Domain-based Latent Personal Analysis (LPA) and its uses
Updated: Jun 8, 2021
LPA is an easy-to-use and fast domain-based spectral signature that can be used in a variety of domains that is tailored for big-data computations. It creates a strong and unique signature of both over-used and missing items that identify a user or a component in a domain. It can be used in a variety of domains, from textual to computational.
Paper: Mokryn, O., & Ben-Shoshan, H. (2020). Domain-based Latent Personal Analysis and its use for impersonation detection in social media. Accepted to User Modeling and User Adapt Interaction (UMUAI) May 2021. ArXiv preprint arXiv:2004.02346. (PDF)
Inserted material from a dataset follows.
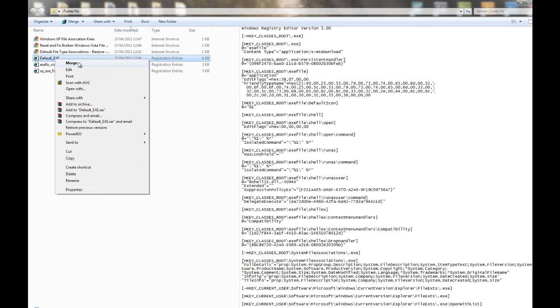But yes, that will reset all the application defaults or file associations even. And it should fix your problem.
Domain-based Latent Personal Analysis and its use for impersonation detection in social media Zipf's law defines an inverse proportion between a word's ranking in a given corpus and its frequency in it, roughly dividing the vocabulary to frequent (popular) words and infrequent ones. Here, we stipulate that within a domain an author's signature can be derived from, in loose terms, the author's missing popular words and frequently used infrequent words. We devise a method, termed Latent Personal Analysis (LPA), for finding such domain-based personal signatures. LPA determines what words most contributed to the distance between a user's vocabulary from the domain's. We identify the most suitable distance metric for the method among several and construct a personal signature for authors. We validate the correctness and power of the signatures in identifying authors and utilize LPA to identify two types of impersonation in social media: (1) authors with sockpuppets (multiple) accounts; (2) front-user accounts, operated by several authors. We validate the algorithms and employ them over a large scale dataset obtained from a social media site with over 4000 accounts, and corroborate the results employing temporal rate analysis. LPA can be used to devise personal signatures in a wide range of scientific domains in which the constituents have a long-tail distribution of elements.
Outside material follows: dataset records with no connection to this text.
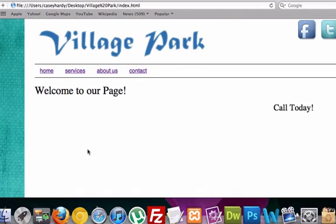In the next video we'll go ahead and add a video in here as well as some paragraph text. All right guys.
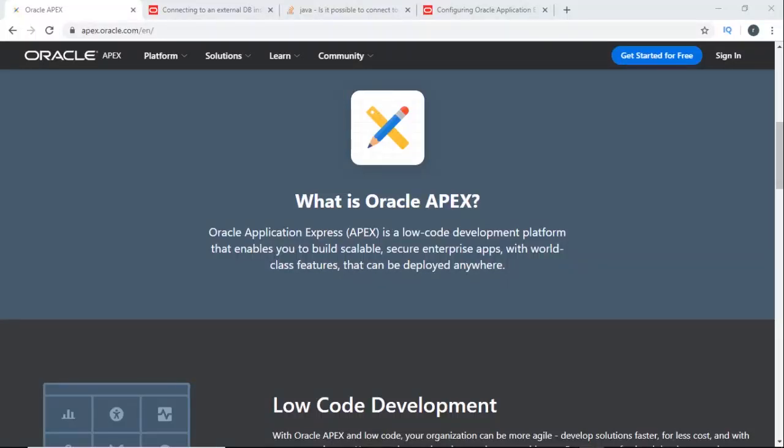Today I'm going to show you how to install Oracle APEX. For this we will use Oracle APEX 19.1 and Oracle Database 19c.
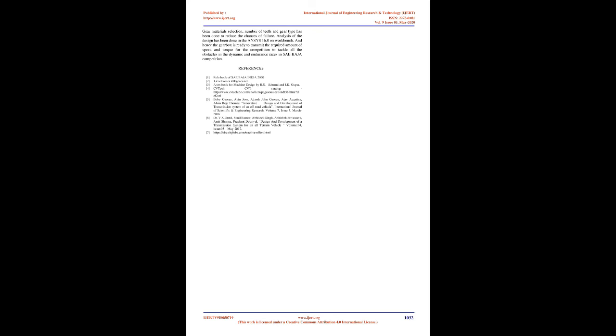Gear Materials Selection. Gear materials selection is based on the amount of total load which acts on the gears or on gear tooth in the form of tensile strength or yield strength. The load which acts on the gears and gear tooth while dynamic and endurance races in the Baja competition may cause the failure of the gears and breakage of gear tooth. The gear material should have sufficient strength to resist the failure due to breakage of the tooth. Therefore this material has been selected.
LPA for music: Spotify 2017 streaming
Authorship attribution applications:
Impersonation on social media - Sockpuppets accounts
LPA is fast and easy to implement at a large-scale. We then deployed it over 4000 IMDb reviewer accounts to find sockpuppets accounts activated by a single author. We then performed a 4000x4000 similarity measured between all accounts' LPA signatures.
The full list of suspected Sockpuppets
User 59775972 (joshuadrake-39480) and User 62431316 (joshuadrake-91275) have 502 common terms in their LPA-signatures and the distance between their signatures is 0.013.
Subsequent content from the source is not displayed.